Shelley Thunen - IntraLase - EVP and CFO

 

The function of laser leases versus sales in the mix.

 

Ted Huber - Wachovia Securities - Analyst

 

And then I also just want to clarify your comments as well, Bob, about you know the mix, you said it was 50/50 in the quarter, is that the expectation going forward, and how should we think about that. Does that mean the overall laser numbers ought to go up or does the U.S. number come down and it is offset by the bigger international numbers?

 

Bob Palmisano - IntraLase - President and CEO

 

No, first of all, I think at 50/50, to me sitting here today, seems like a good number for the year. I would say that. I would also say that it does not show any downside in the domestic U.S. market in that we met our plans, we exceeded last year greatly in the first quarter and the U.S. business is very, very strong.
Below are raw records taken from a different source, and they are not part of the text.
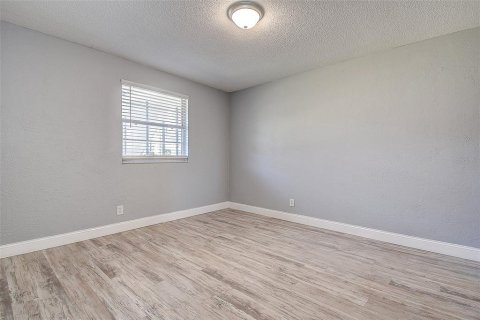 Condo in Saint Petersburg, Florida, 1 bedroom  № 1723169 - photo 9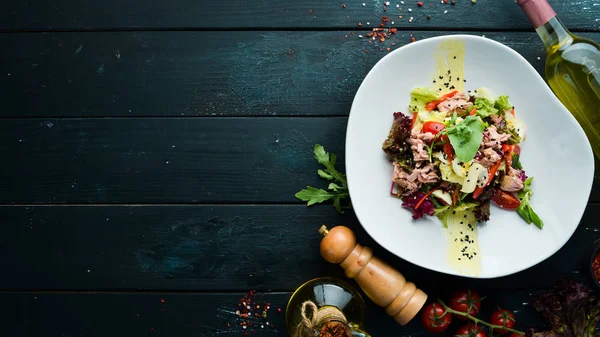 Vegetable Salad Tuna Quail Eggs Food Top View Free Space — Stock Photo, Image
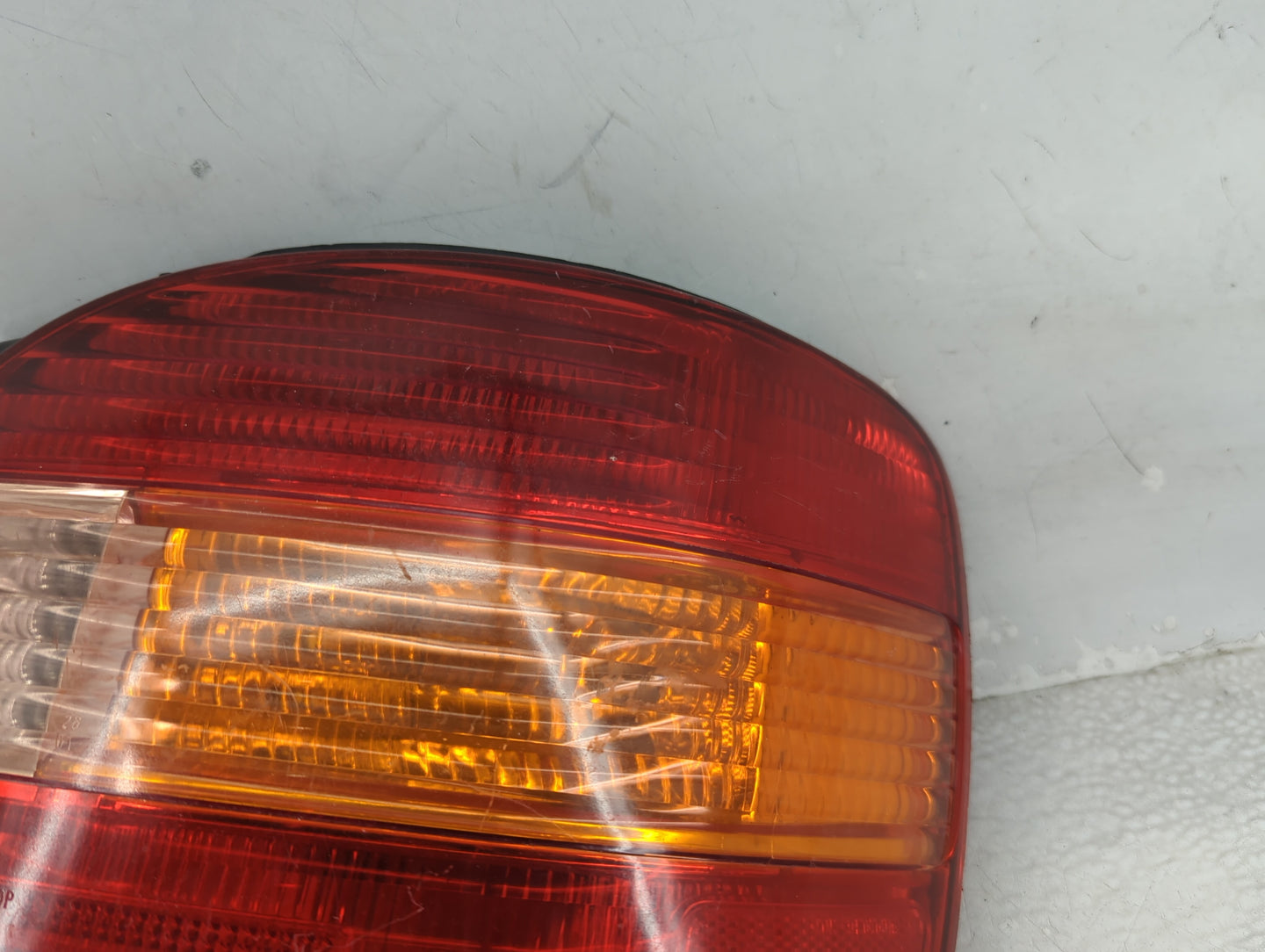 1998-2005 Lexus Gs300 Tail Light Assembly Driver Left OEM Fits Fits 1998 1999 2000 2001 2002 2003 2004 2005 OEM Used Auto Pa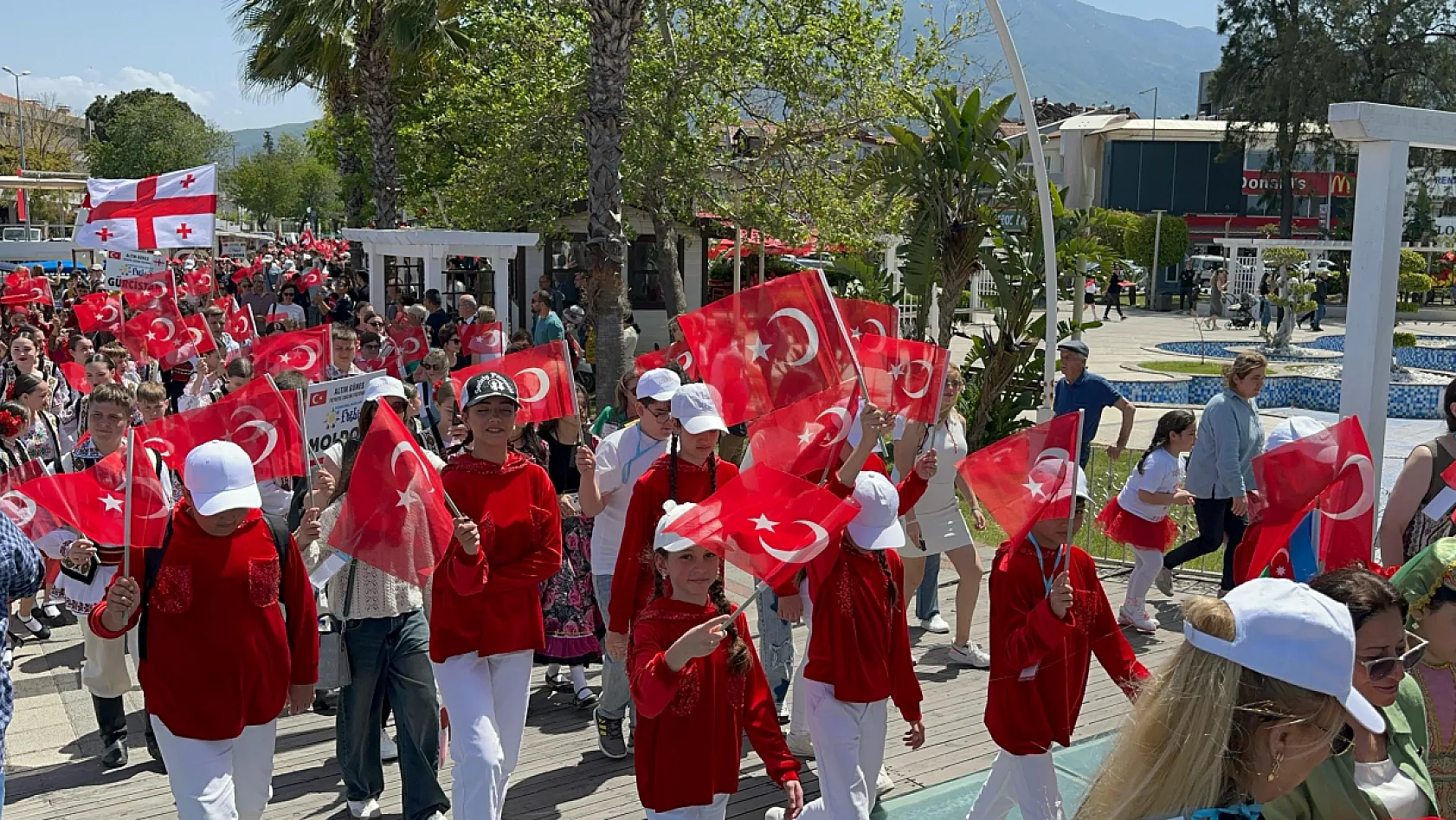 16. Uluslararası Altın Güneş Fethiye Çocuk Festivali coşkuyla kutlandı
It is just that the international business is stronger than we had anticipated but we always give kind of a range when we give guidance and I don’t think we ever given guidance to how many lasers we would ship.

 

So, I think that in total when we say greater than $95 million for a year again, that’s the range and we expect may be, we could be a little bit better than that but we are not ready, given one day at a point, the first quarter to increase that. But the important thing is that we have 50/50 going for the year, no weakness in the U.S. market and the international piece, I think is just working out spectacularly well.

 

Ted Huber - Wachovia Securities - Analyst

 

Great, then just lastly on the procedure side, I think in the last call, you told that by fourth quarter, your procedure, laser revenue mix would be about even, given your kind of overachieving in the laser side, does that still hold or might we not get to that level and then — well, I guess, that’s the question?

 

Bob Palmisano - IntraLase - President and CEO

 

Yes, I think, it looks like we will get to that level. The only caveat I would put in that is that if we have the opportunity to sell more lasers we will, and that might hold that down — that ratio down, that’s a good thing.

 

Ted Huber - Wachovia Securities - Analyst

 

Sure.

 

Bob Palmisano - IntraLase - President and CEO

 

But if we go along where we think we are going now, is we do think that we should be able to get to that by the fourth quarter.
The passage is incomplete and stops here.